What undermined Mr Grint’s case was the fact that the idea of the arrangements seems to have been derived from the Grints’ tax advisers. It might, as a matter of fact, be the case that the tax advisers were solely motivated by the commercial advantages of the transfer to Clay 10 and were merely conscious that such a transfer was not disadvantageous so far as tax is concerned. However, the judge did not infer that to be the case and it seems that her conclusion was one she could fairly reach on the facts. Despite the amount of tax at stake, I do not think that an appeal is likely to proceed on this point.
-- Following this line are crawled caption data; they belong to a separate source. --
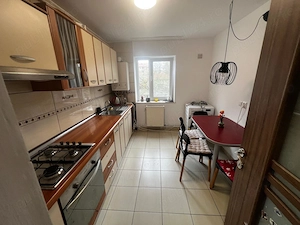 Ofer de inchiriat 2 camere 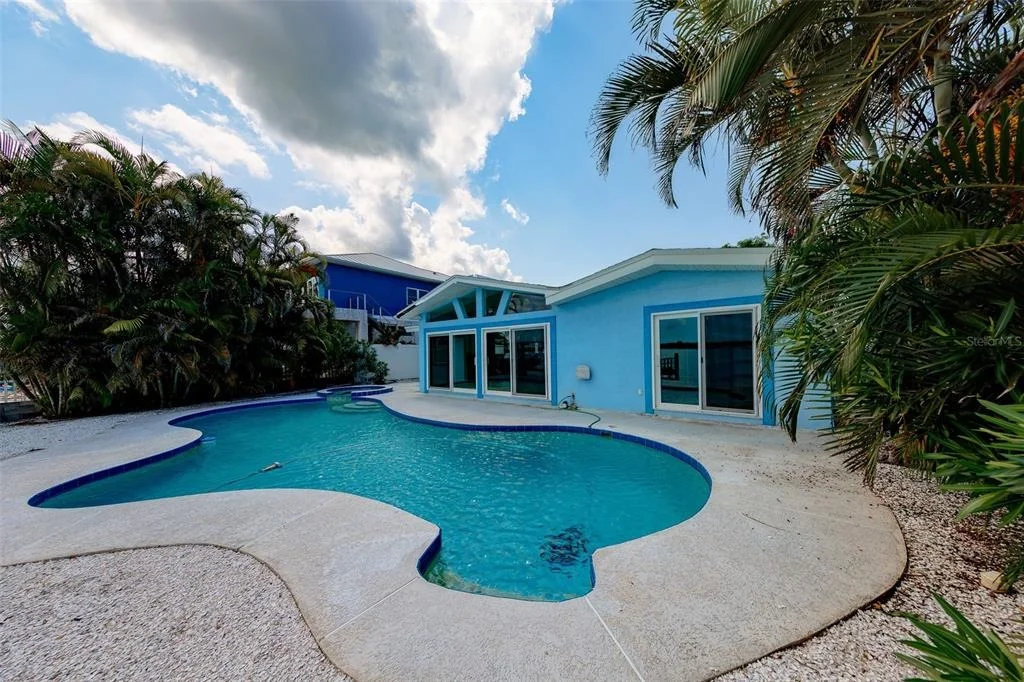 Photo of 814 BAY POINT DRIVE
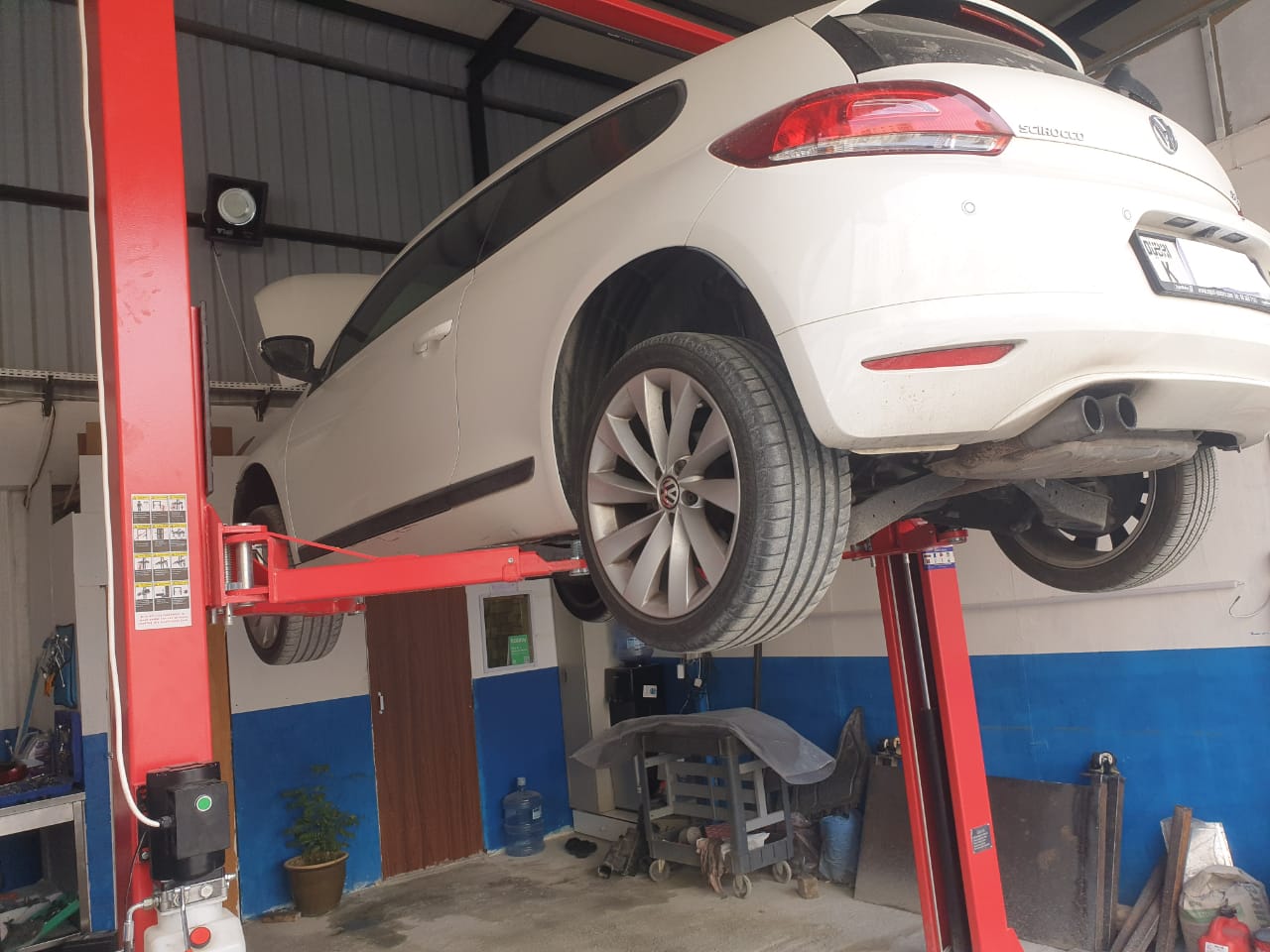 German Car Services — Trusted car maintenance & repair in Al Quoz, Dubai. - صورة 2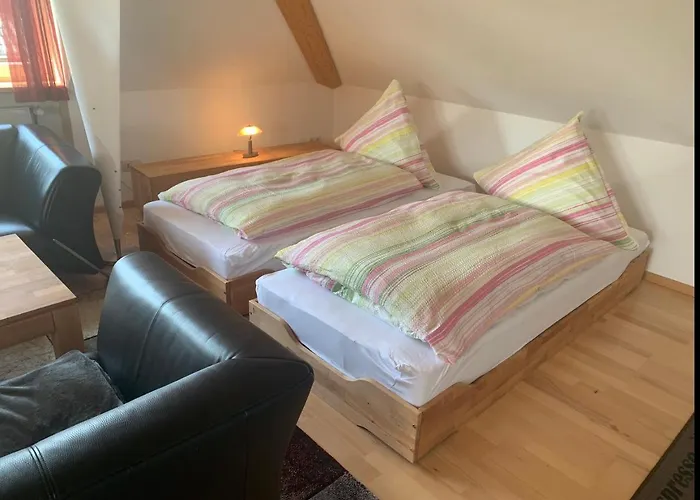 Lägenhet Raffael 100 Qm, 2 Grosse Betten Im Wohnzimmer *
I also think that the tribunal’s decision on whether s 778 or 779 applies could not realistically be challenged.

Will the third issue, however, generate an appeal? After all, it is a discrete point which ought not take too long to argue. Indeed, the closure notice read: ‘I have amended your tax return by treating the capital amount you received on the sale of your business as income arising under s 778 ITA 07.’

That appears to be sufficiently unambiguous to preclude any prospect of s 779 applying. However, the judge also referred to a covering letter which noted that the officer had taken the view that s 778 was the correct charging provision but kept alive the prospect of s 779 applying instead. The alternative approaches had also been articulated in the previous correspondence.

On balance, I think that the judge reached the right conclusion, although I can certainly see scope for the alternative view. A closure notice itself cannot contain two conflicting conclusions. Given that the officer had clearly (and at the same time) referred to the alternative analysis, the closure notice was interpreted as effecting an income tax charge under Chapter 4 with s 778 as merely the first of two possible routes to that conclusion. However, it might have been more helpful all around had the closure notice been more carefully worded.


What to do next

The case is a useful reminder as to how the tribunal is likely to apply anti-avoidance legislation which contains a ‘main purpose’ (or similar) test. Of course, just because an idea is proposed by a tax adviser, it does not necessarily mean that tax avoidance is the main purpose or one of the main purposes of any subsequent transaction. For example, it is not unreasonable for tax advisers to be expected to look at a client’s wider commercial position. However, in such cases, it will be essential to do more than merely show non-tax purposes for the transaction: it will be necessary to show why, notwithstanding the fact that it was proposed by a tax adviser, there were no actual tax reasons for entering into it.

The case also highlights the importance of correctly construing a closure notice. Mr Grint was completely right to raise the argument that the closure notice was seemingly focused only on s 778 and thereby HMRC had shut out the possibility of s 779 being invoked. However, it is necessary to look at closure notices in their proper context and, in this case, the possibility of s 779 was kept alive in the documents that accompanied the closure notice.